Is this on the right lines?

Cheers

Paul
Yeah that's the idea, but you want to use the instance variables of the
object somewhere, so your edge.ymin should probably be this.ymin.

James
 
P

Paul Morrison

public Edge compareTo(Edge e) {
Yeah that's the idea, but you want to use the instance variables of the
object somewhere, so your edge.ymin should probably be this.ymin.

I have just looked, and it seems that the return type of compareTo has to be
int. What exactly do I return?

Paul
 
J

James Westby

Paul said:
I have just looked, and it seems that the return type of compareTo has to be
int. What exactly do I return?

Paul
Ah yes, sorry, the Javadoc states

'Returns a negative integer, zero, or a positive integer as this object
is less than, equal to, or greater than the specified object.'

so

if this.ymin < e.min return -1
else if this.ymin > e.min return 1
else return 0

The other thing to note is that it is defined as compareTo(Object o), so
you want to make a cast from the parameter first. The method is defined
to throw a ClassCastException if the type is not correct.

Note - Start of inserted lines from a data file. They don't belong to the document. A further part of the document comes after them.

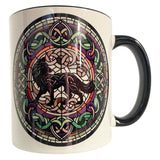 Celtic Knot Black Wolf Mug | Angel Clothing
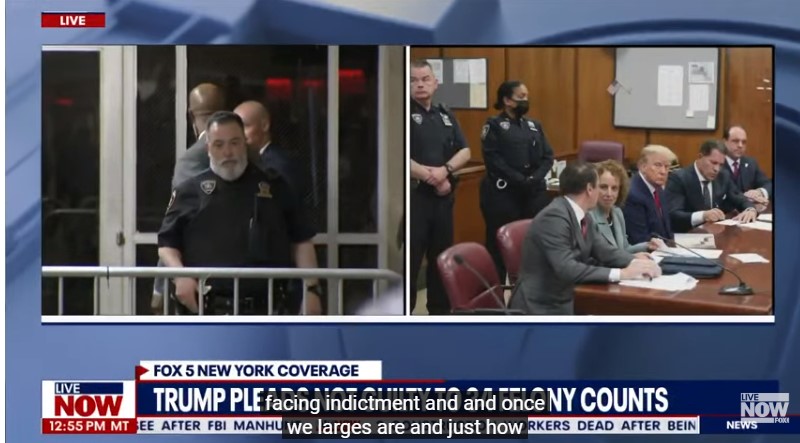  ВО ЖИВО: Трамп пристигна во судот каде и формално беше уапсен, потоа треба да се појави пред судија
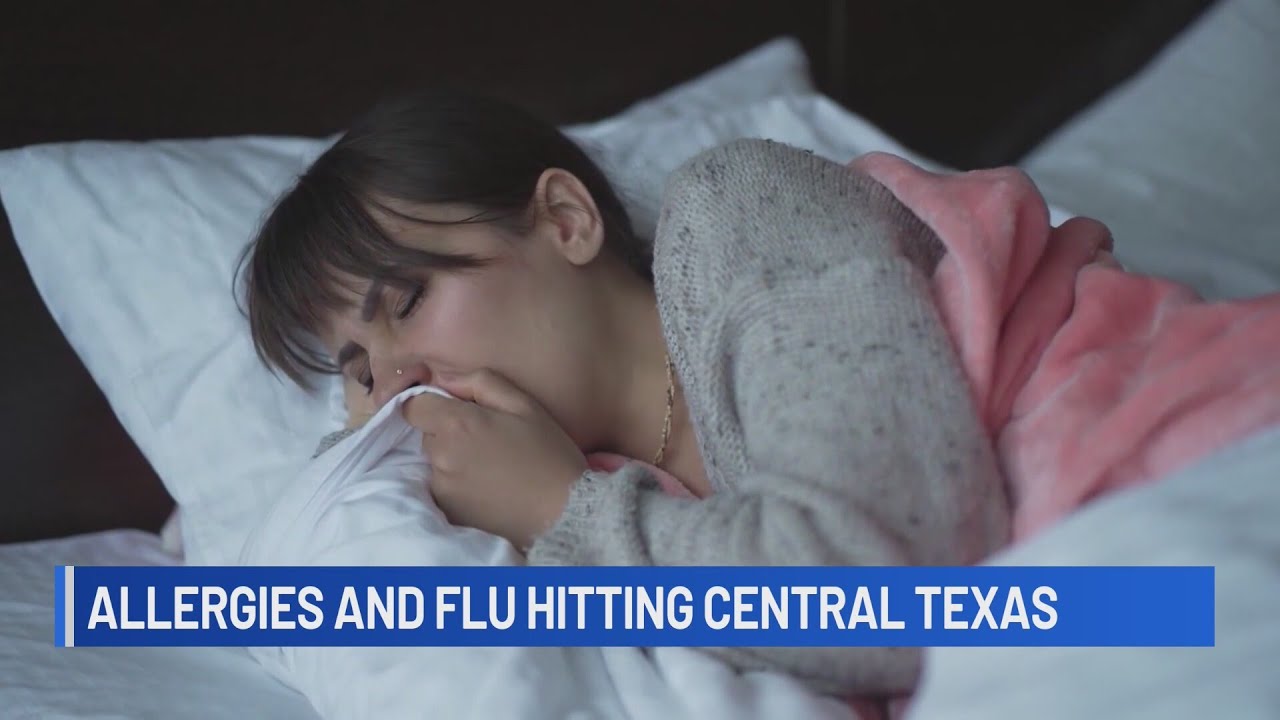 Allergies and flu hitting central Texas - YouTube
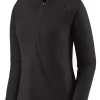 Vest Patagonia Women Cap MW Zip Neck Black -Patagonië Outdoor Sportkleding 44457 BLK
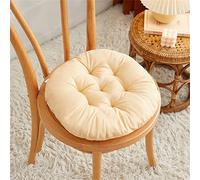 ZOYIEP Set di 4 cuscini rotondi per sedia, 40 x 40 cm, per interni ed esterni, 40 x 40 cm, Tatami, morbidi cuscini per sedie da giardino (#5)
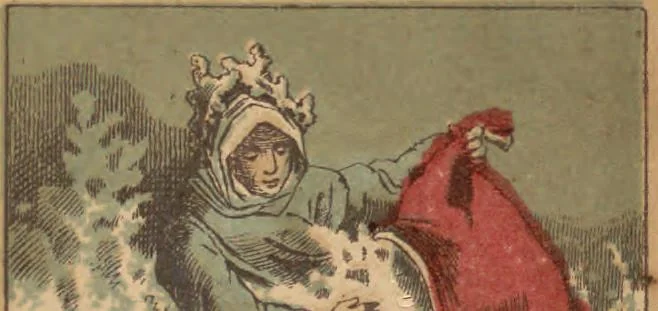 An illustration from King Winter, 1859, leaf 5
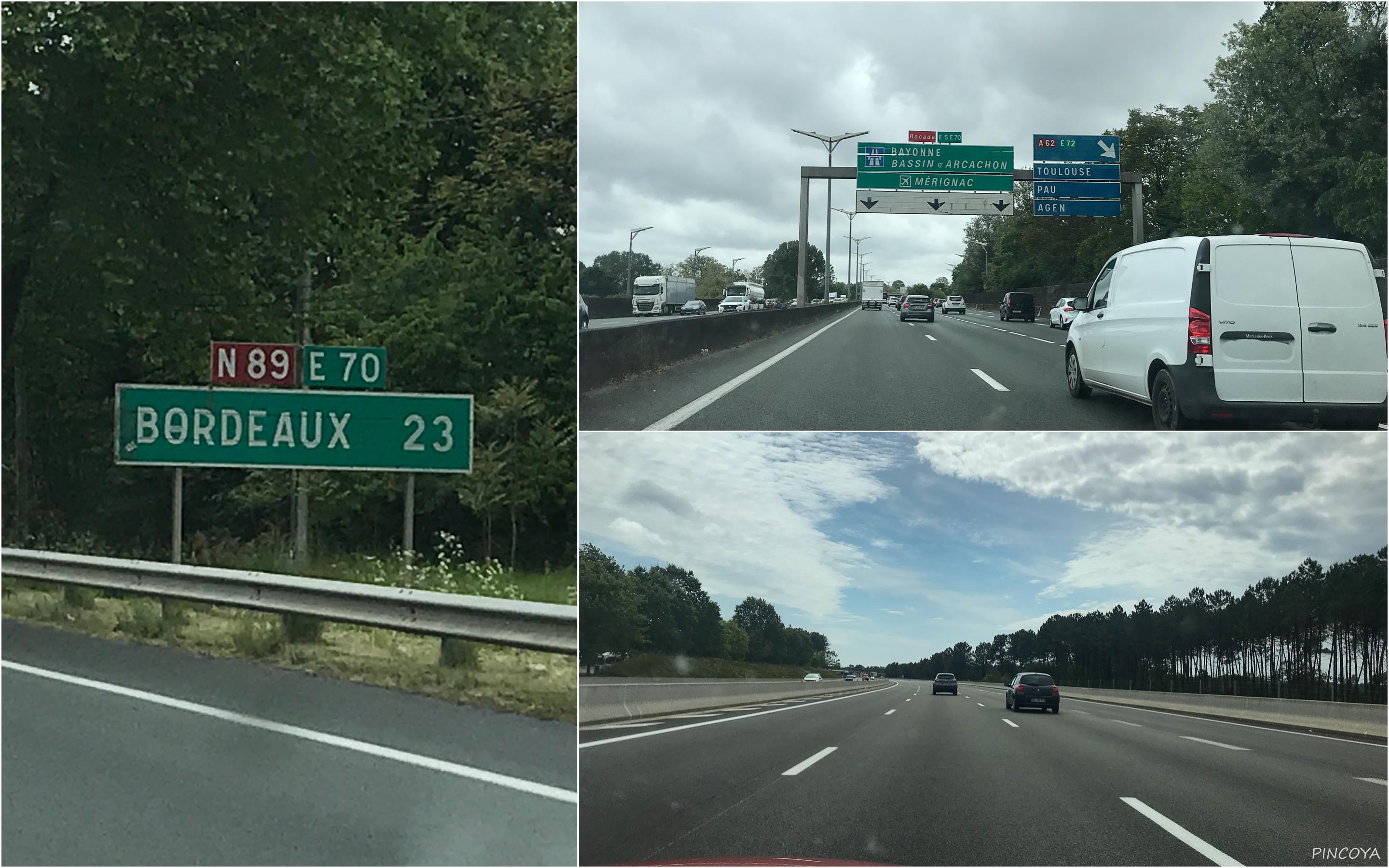 „Ein Stückchen blauer Himmel bei Bordeaux“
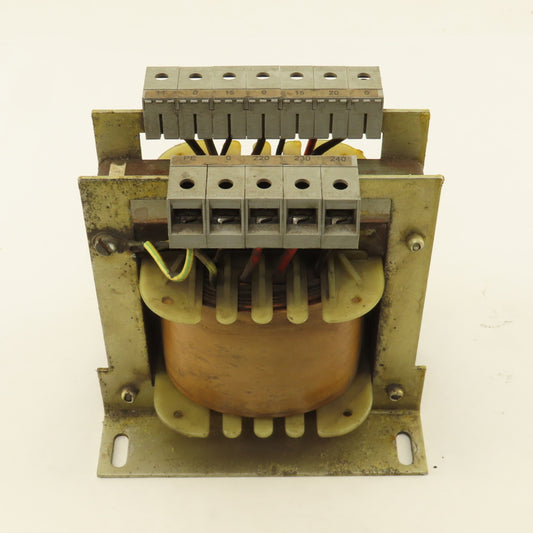 Lapp-Textima Type ET Transformer 220/240V 290VA 20-15/11V Secondary 50/60Hz 1Ph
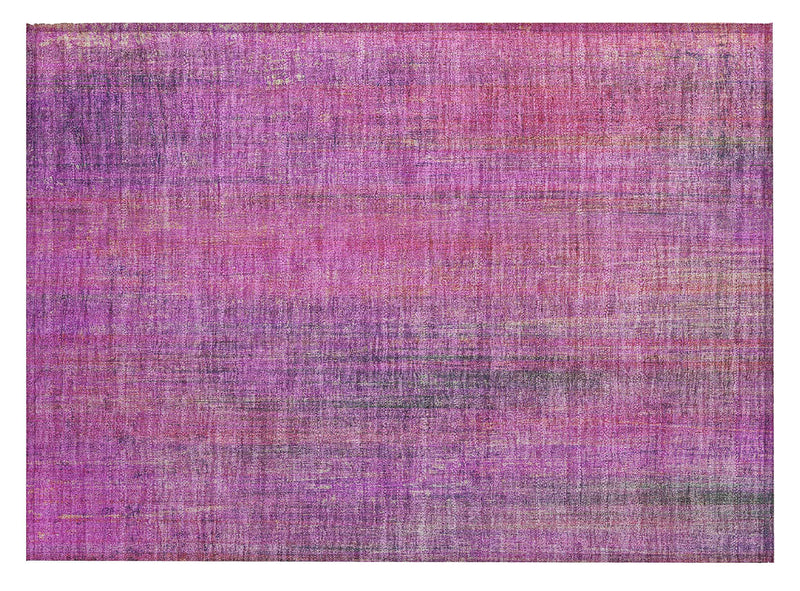 2' X 3' Lilac Striped Washable Non Skid Indoor Outdoor Area Rug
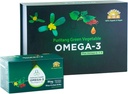 Grønn Grønn Grønn Grønn Omega 3 Plus Omega 6,7,9, laget av purslane og perilla frø. Det inneholder over 61% konsentrasjon av ALA Omega 3-den høyeste mulige uten kjemiske tilsetningsmidler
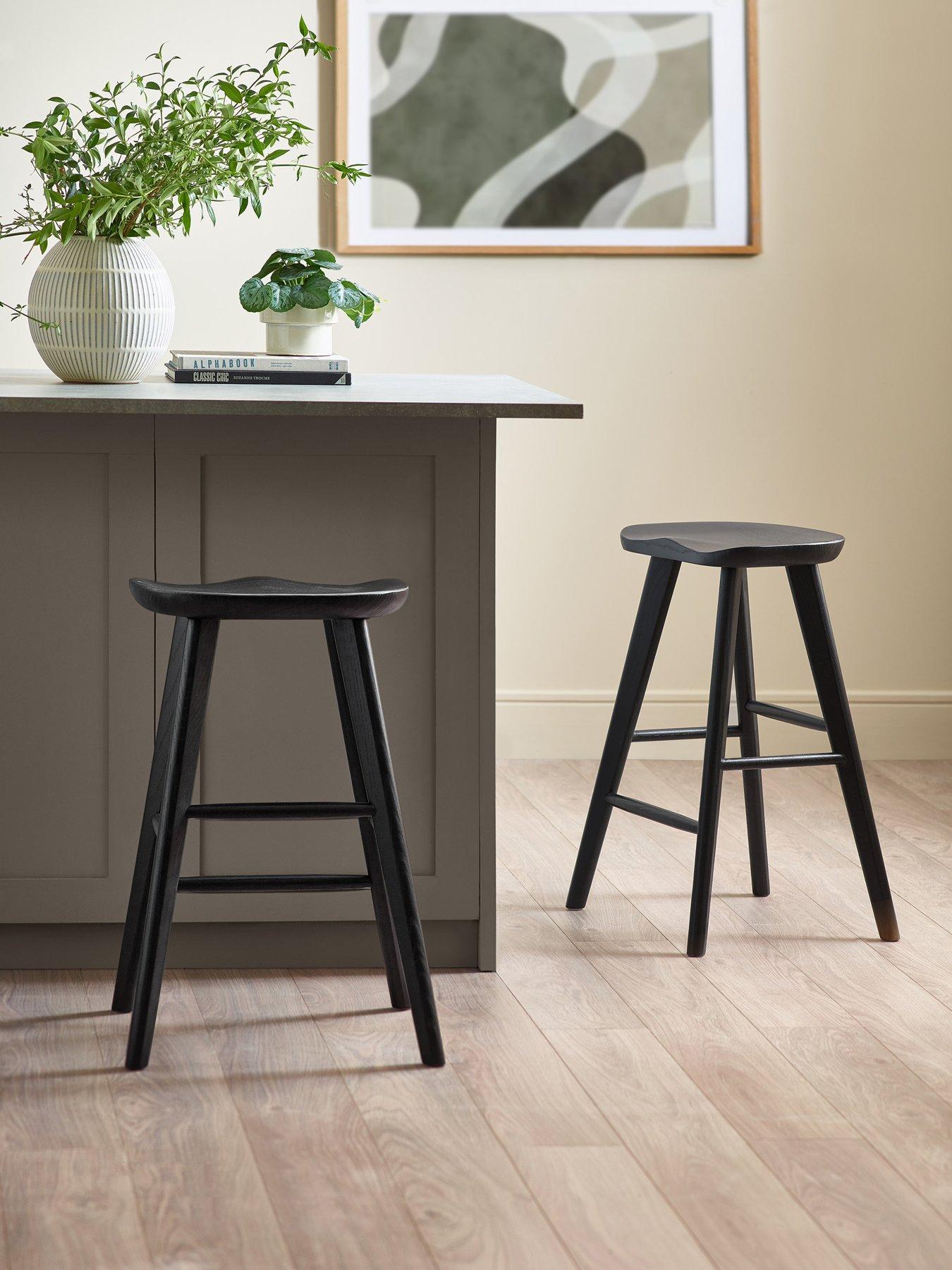 undefined Mulu Solid Oak Bar Stool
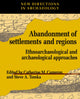 Book cover of: Abandonment of Settlements and Regions. By: Catherine M. Cameron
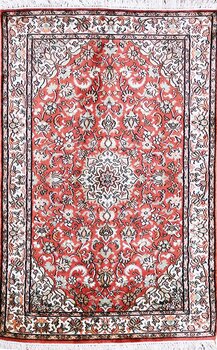 Kashmir-Seide - Teppich aus Kashmir,  Natur-Seide, Größe: 79x119cm Sonderpreis: € 689,-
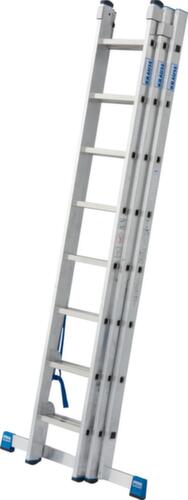 Krause Mehrzweckleiter, 3 x 8 profilierte Sprossen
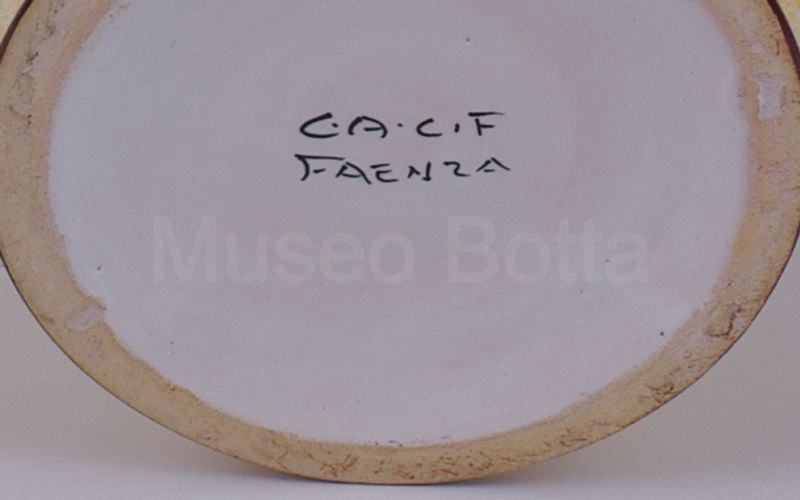 AMARENA FRUTTORO RINO GUBBIOLI LUGO vaso in  ceramica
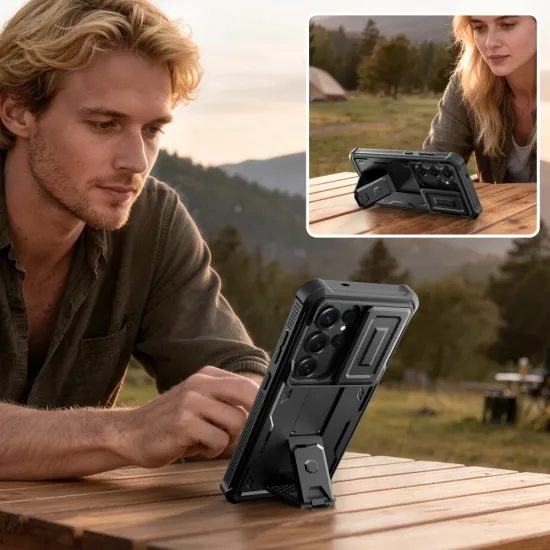 Tech-Protect Kevlar Cam+ etui, 2 sztuki, Samsung Galaxy S26 Ultra, czarne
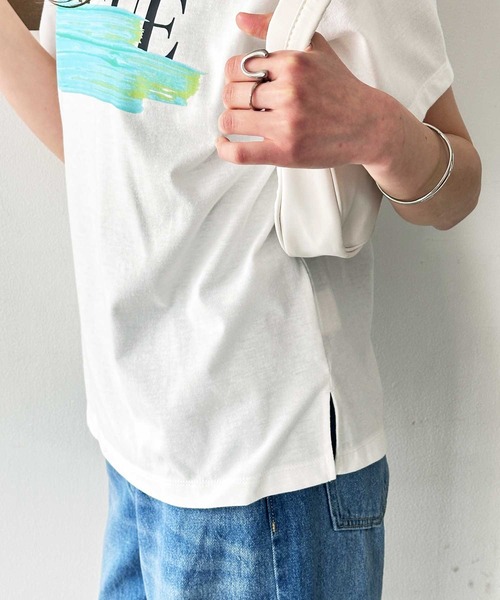 GeeRA（ジーラ）の「アソートロゴＴシャツ（Tシャツ/カットソー・レディース・ブルー/グリーン/ベージュ・X-LARGE/LARGE/MEDIUM）」の15枚目の写真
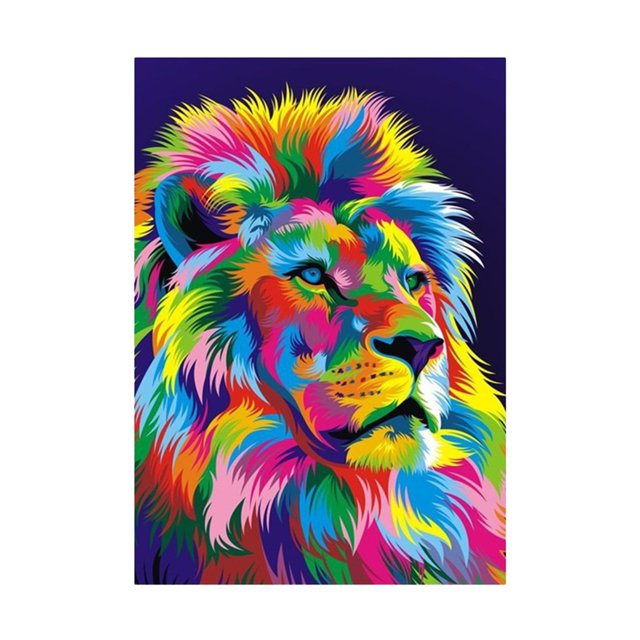 Pintura Del Diamante DIY 5D, Decoración De De Lona arte De arte De Del Completo León-30x40cm Sunnimix Broca de pintura diamante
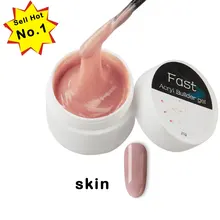 Полигель для ногтей акриловый полигель 25 г розовый белый металл с прозрачными кристаллами УФ светодиодный гель для наращивания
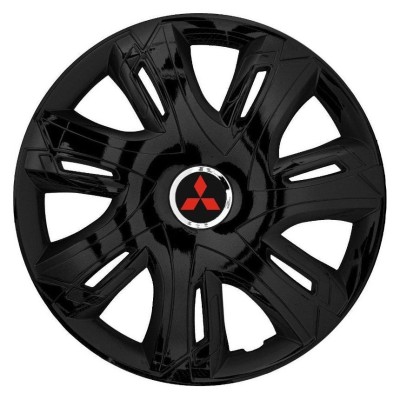 Set 4 capace roti Supernova black laquered R16 Compatibil Cu Mitsubishi foto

See http://java.sun.com/j2se/1.4.2/docs/api/java/lang/Comparable.html
for more info

Also as ymin is a double you shouldn't expect this method to return 0,
but it might in some cases.

James



James
 
P

Paul Morrison

I will expand on what I am doing as there may be an easier way to do this. I
have an ArrayList which holds ArrayLists of 4 numbers. I want the sort the
second ArrayList in order of the first item in that ArrayList, going from
lowest to highest.

I.e.

ArrayList -> ArrayList -> ymin
ymax
xvalue
1/m

I was looking at writing a loop, going through each ArrayList and comparing
the first element of each, each time keeping the minimum one, but I feel
that this will be inefficient.

Hope this makes things clearer.

Paul
 
Z

zero

I have just looked, and it seems that the return type of compareTo has
to be int. What exactly do I return?

Paul

if edge1 is "smaller" than edge2, return a negative value
if edge1 and edge2 are equal, return 0
if edge1 is "greater" than edge2, return a positive value

The exact value depends solely on your implementation. A possible
implementation could be:

final double PRECISION = 100.0;

return (int)((e.ymin - this.ymin) * PRECISION);

Here you can use PRECISION to manipulate the precision of the comparison.
This may be necessary if you're comparing values that are close to
eachother.
 
J

James Westby

Paul said:
I will expand on what I am doing as there may be an easier way to do this. I
have an ArrayList which holds ArrayLists of 4 numbers. I want the sort the
second ArrayList in order of the first item in that ArrayList, going from
lowest to highest.

I.e.

ArrayList -> ArrayList -> ymin
ymax
xvalue
1/m

I was looking at writing a loop, going through each ArrayList and comparing
the first element of each, each time keeping the minimum one, but I feel
that this will be inefficient.

Hope this makes things clearer.

Paul

Can i ask why you are using an ArrayList to store those four numbers? Is
it always four numbers?

James
 
P

Paul Morrison

Can i ask why you are using an ArrayList to store those four numbers? Is
it always four numbers?

Yes it is always four numbers. I am using an ArrayList rather than an array
as I am more comfortable with these, not for any other reason. Would it be
easier to do this with another Collection type?

Paul

PS Sorry for replying directly, wrong button!
 
G

Googmeister

James said:
The other thing to note is that it is defined as compareTo(Object o), so
you want to make a cast from the parameter first. The method is defined
to throw a ClassCastException if the type is not correct.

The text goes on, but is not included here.